Márcia: Creio que é uma procura que começa no início da canção e se satisfaz logo no refrão, porque se revela a resposta ali. A magia da música é essa; as canções parecem escrever-se em resultado quase de um diálogo interno, onde sabemos sempre mais do que aquilo que julgamos saber. Uma especie de dialogo com o Divino.  
De modo que, para mim, uma canção é uma revelação.  

EM: Nos primeiros discos descrevias-te através de imagens, metáforas, paisagens interiores. Neste, parece que deixas as imagens e ficas nua nas palavras.
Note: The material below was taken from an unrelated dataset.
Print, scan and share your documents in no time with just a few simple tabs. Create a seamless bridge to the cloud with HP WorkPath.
O que tornou isso possível agora?

Márcia:
Em algumas canções passei a ser mais directa, sinto que esse momento aconteceu nitidamente há 10 anos, quando escrevi o meu disco Quarto Crescente (2015). A sensação de segurança é o que permite falar de coisas inseguras, falar de medo só é possível desde um lugar bem protegido, e por aí fora. Acredito que a idade, ou a experiência e as pessoas de quem me rodeio, trazem esse tipo de confiança. 
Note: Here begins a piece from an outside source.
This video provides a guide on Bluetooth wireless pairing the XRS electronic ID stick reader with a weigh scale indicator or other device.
EM: A tua música tem um tempo próprio, mais lento, mais respirado, num mundo que exige rapidez. A tranquilidade com que cantas é algo que nasceste com, ou é algo que foste aprendendo como forma de sobreviver?

Márcia:
A tranquilidade com que canto não é, maioritariamente, a mesma com que vivo. Infelizmente o ritmo acelerado está a tomar conta das nossas vidas mesmo que não queiramos, por uma questão muito relacionada com o propósito do trabalho. Há um excesso de produtividade e não sei se saberemos resistir a isso. Espero que sim. 
A Arte vive outro tempo e impõe esse tempo sadio. Faz-me sentir muito bem. Não sou tranquila por dentro, diria até que sou bastante ansiosa, mas sei de muitas situações em que cantei para me acalmar a mim própria. Até arrisco dizer que foi por isso que comecei a cantar.
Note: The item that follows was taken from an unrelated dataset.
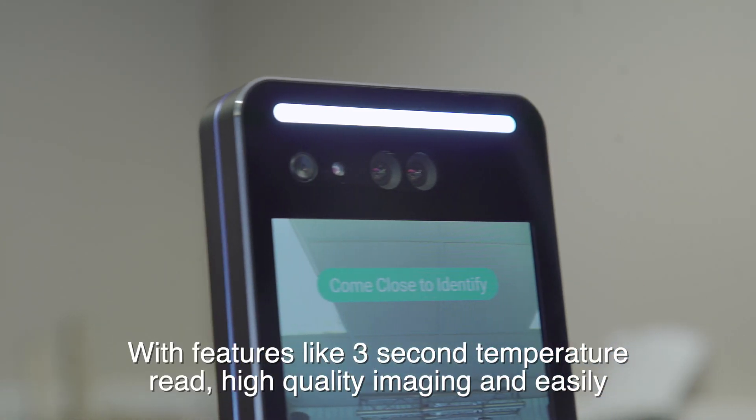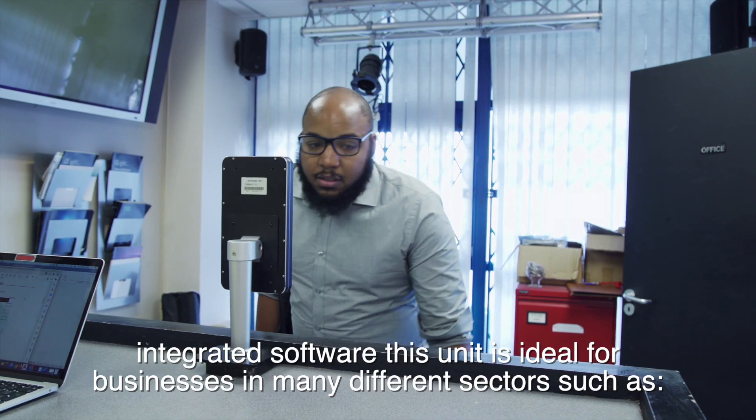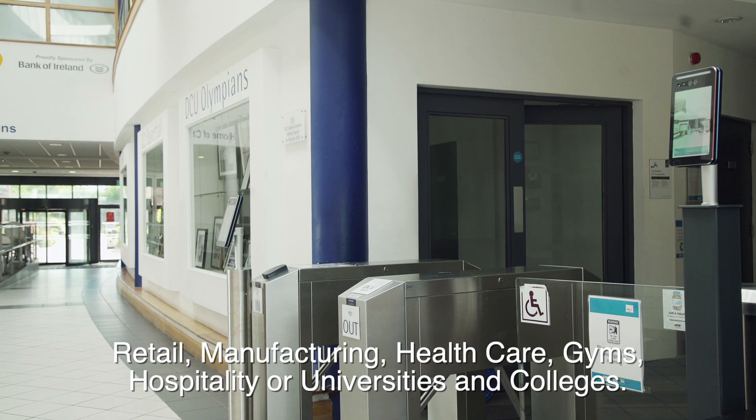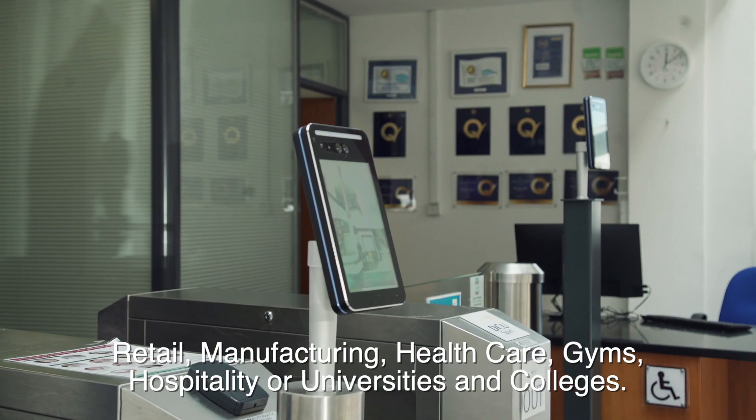With features like three-second temperature read, high-quality imaging and easily integrated software, this unit is ideal for businesses in many different sectors such as retail, manufacturing, healthcare, gyms, hospitality or universities and colleges.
EM: Como lidas com a velocidade do mundo e a forma como atualmente se consome música? A falta de “tempo” para conhecer a obra na sua integralidade é algo que te incomoda, desilude ou motiva?

Márcia:
A falta de tempo é uma ideia a que estamos a aderir. Mas não é real.  Creio que se combate com a insistência de pôr as mãos na terra, nas tintas, na massa, – no sentido literal. Temos de voltar ao analógico e sentir mais as coisas, em vez de as pensar tanto.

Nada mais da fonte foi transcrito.